- TASK PROMPT: An exact restatement of the entire listing is needed, excluding all images.
*** SOURCE MATERIAL Section Begins ***
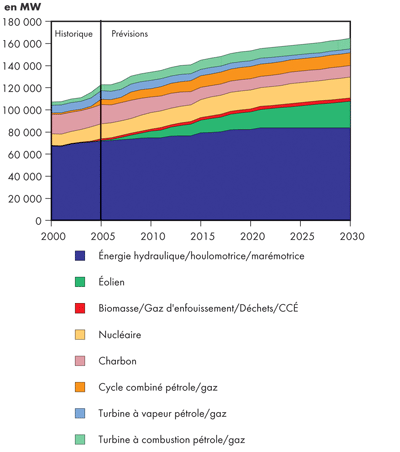 Capacit&eacute; de production au Canada - Maintien des tendances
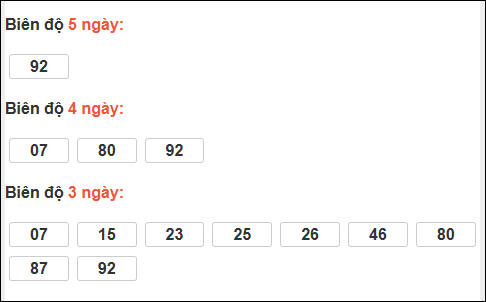 Biên độ loto dài ngày Gia Lai chạy trong 3 kỳ tính ngày 05/12/2025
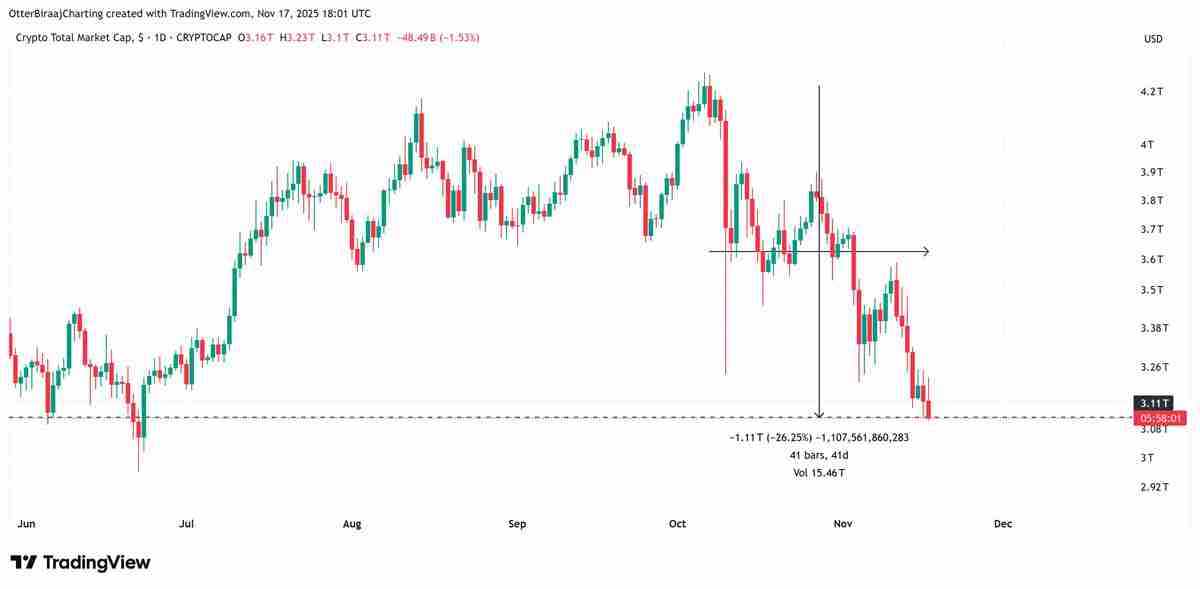 Coinbase深度分析：加密市场一万亿美元的回撤掩盖了比特币（BTC）的强劲基本面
*** SOURCE MATERIAL Section Ends ***
- EXPECTED ANSWER:
 Capacit&eacute; de production au Canada - Maintien des tendances
 Biên độ loto dài ngày Gia Lai chạy trong 3 kỳ tính ngày 05/12/2025
 Coinbase深度分析：加密市场一万亿美元的回撤掩盖了比特币（BTC）的强劲基本面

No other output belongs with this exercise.